* What is required
Return only the lines of the data below from the line with "DreamBid. Image 2." up to and including the line with "Sejumlah petugas kepolisian", exactly as written, with the pictures omitted.

Segment Start: Exercise input

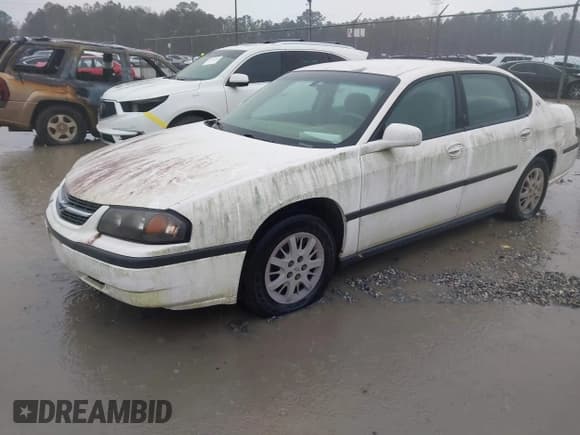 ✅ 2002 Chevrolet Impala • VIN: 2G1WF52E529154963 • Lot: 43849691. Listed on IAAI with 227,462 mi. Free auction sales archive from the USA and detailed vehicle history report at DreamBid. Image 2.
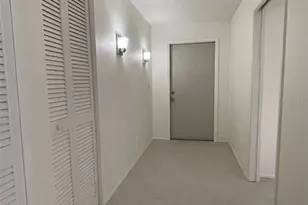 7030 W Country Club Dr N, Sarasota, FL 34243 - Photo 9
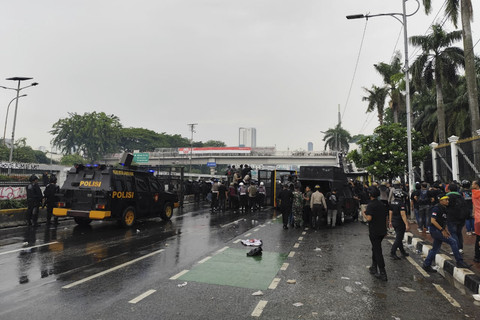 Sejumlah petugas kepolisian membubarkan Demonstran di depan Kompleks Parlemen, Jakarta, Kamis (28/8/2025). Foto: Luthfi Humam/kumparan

Segment End: Exercise input
Segment Start: Exercise input

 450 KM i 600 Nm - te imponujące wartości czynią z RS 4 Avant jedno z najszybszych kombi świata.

Segment End: Exercise input
Segment Start: Exercise input

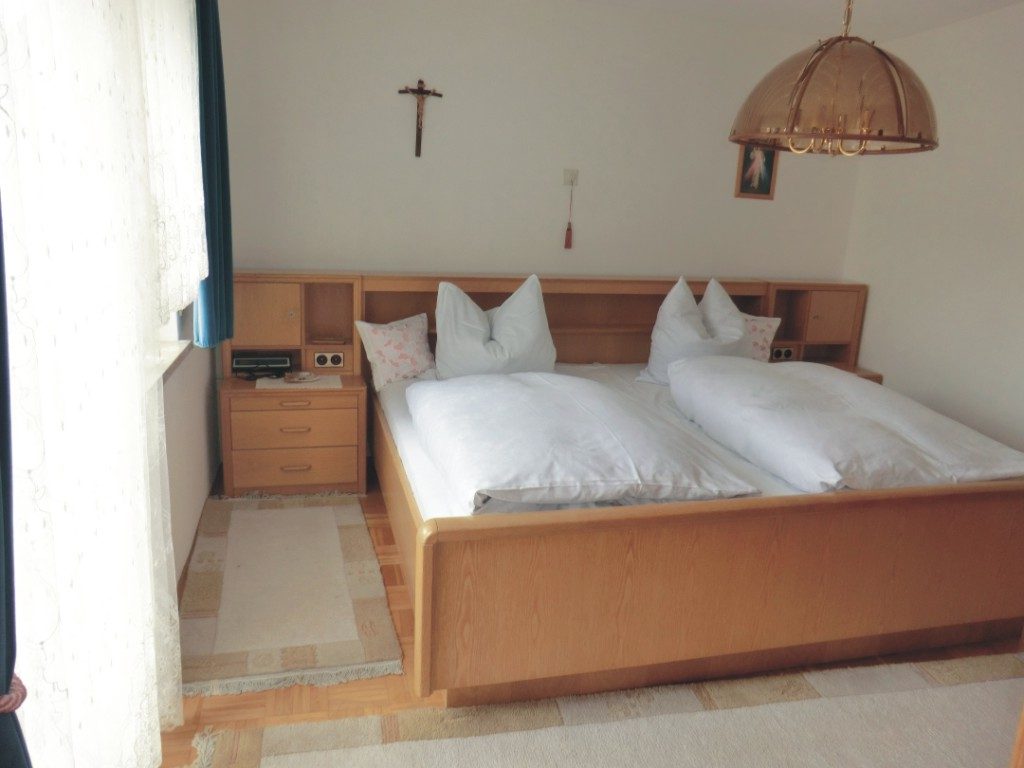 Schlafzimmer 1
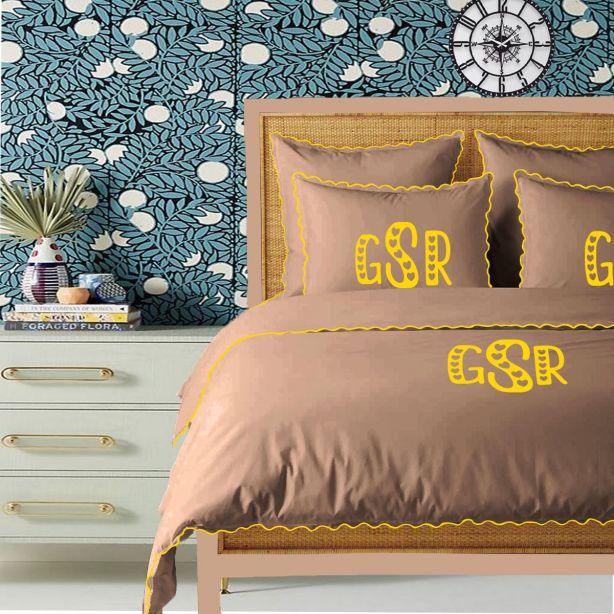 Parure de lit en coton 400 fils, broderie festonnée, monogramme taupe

Segment End: Exercise input

* Written answer
 ✅ 2002 Chevrolet Impala • VIN: 2G1WF52E529154963 • Lot: 43849691. Listed on IAAI with 227,462 mi. Free auction sales archive from the USA and detailed vehicle history report at DreamBid. Image 2.
 7030 W Country Club Dr N, Sarasota, FL 34243 - Photo 9
 Sejumlah petugas kepolisian membubarkan Demonstran di depan Kompleks Parlemen, Jakarta, Kamis (28/8/2025). Foto: Luthfi Humam/kumparan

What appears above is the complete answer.